Ein Ehrenmal in St. Marien zu Rostock
Restaurierungsarbeiten sicherten das Gedenkkreuz
In der ehemaligen mittelalterlichen Ratskapelle der Marienkirche steht das Kruzifix eines Ehrenmales für die Gefallenen des Ersten Weltkriegs, das neben Christus am Kreuz weitere Figuren umfasste. Das Ehrenmal wurde am 22. April 1923 feierlich übergeben. Es sollte an die Gefallenen Mitglieder der St.-Marien-Gemeinde erinnern. Sein Schöpfer war der zweiundzwanzigjährige Rostocker Bildhauer Walter Rammelt. Links und rechts des in der Mitte stehenden Kreuzes befanden sich Tafeln mit Bibelsprüchen. Dazu kamen vier senkrecht stehende Grabsteine, auf denen jeweils ein Soldat stand. Sie symbolisierten einen Landsturmmann, einen Landwehrmann, einen aktiven Soldaten und einen jungen Kriegsfreiwilligen. Zwischen den Soldaten hingen Tafeln mit den Namen der Gefallenen.

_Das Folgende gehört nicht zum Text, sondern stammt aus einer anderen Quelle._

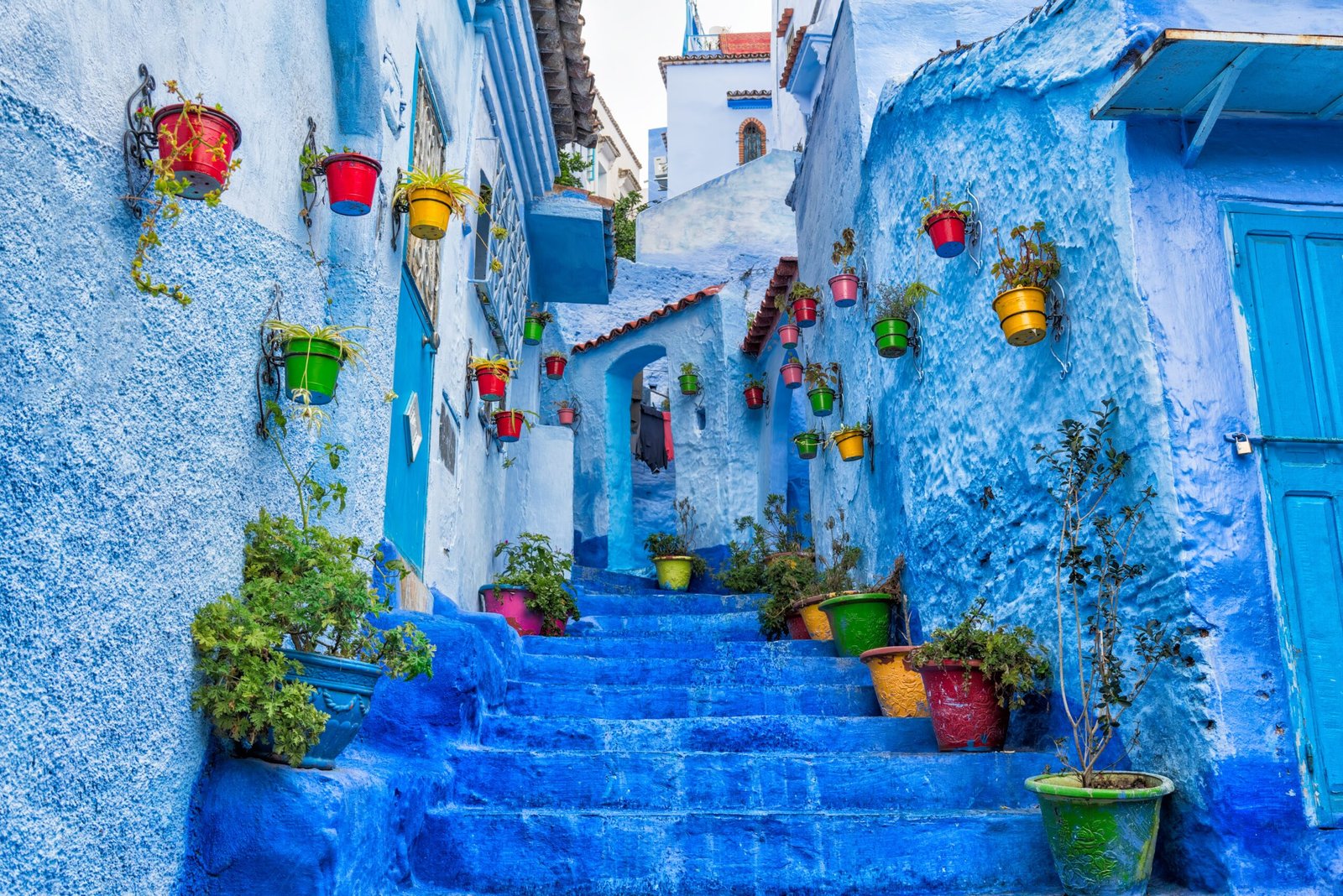 Ruelles aux murs bleus de Chefchaouen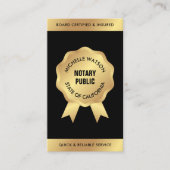 Notarisondertekenaar Modern Black & Gold Visitekaartje (Voorkant)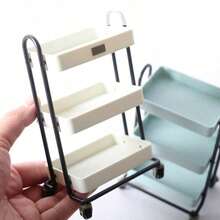 Xe đẩy thức ăn mô hình mini cho cảnh chơi đồ ăn thu nhỏ BJD, Phụ kiện trang trí nhà búp bê tỷ lệ 1:12, Đạo cụ chụp ảnh cảnh thu nhỏ, Cảnh chơi đồ ăn cửa hàng tiện lợi mini - Nhiều màu - Xem 6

1922 hatte ein Preisrichterkollegium einstimmig für den Entwurf Rammelts, der seit Kriegsende in Rostock lebte, gestimmt und ihm den ersten Preis zuerkannt. Die Soldaten vermittelten einen eher derben Ausdruck, der nicht unwidersprochen blieb. Zeigte der Kriegsfreiwillige noch ein Lächeln angesichts der vermeintlich glorreichen Aufgabe, waren den beiden außen stehenden alten Kämpfern die Leiden des Krieges ins Gesicht geschrieben. Besonders jene Kriegsgläubigen und kaisertreuen Altmilitärs, die noch immer an den Sinn des Krieges glaubten, übten laute Kritik. Dennoch stand das Kunstwerk nun in der Marienkirche.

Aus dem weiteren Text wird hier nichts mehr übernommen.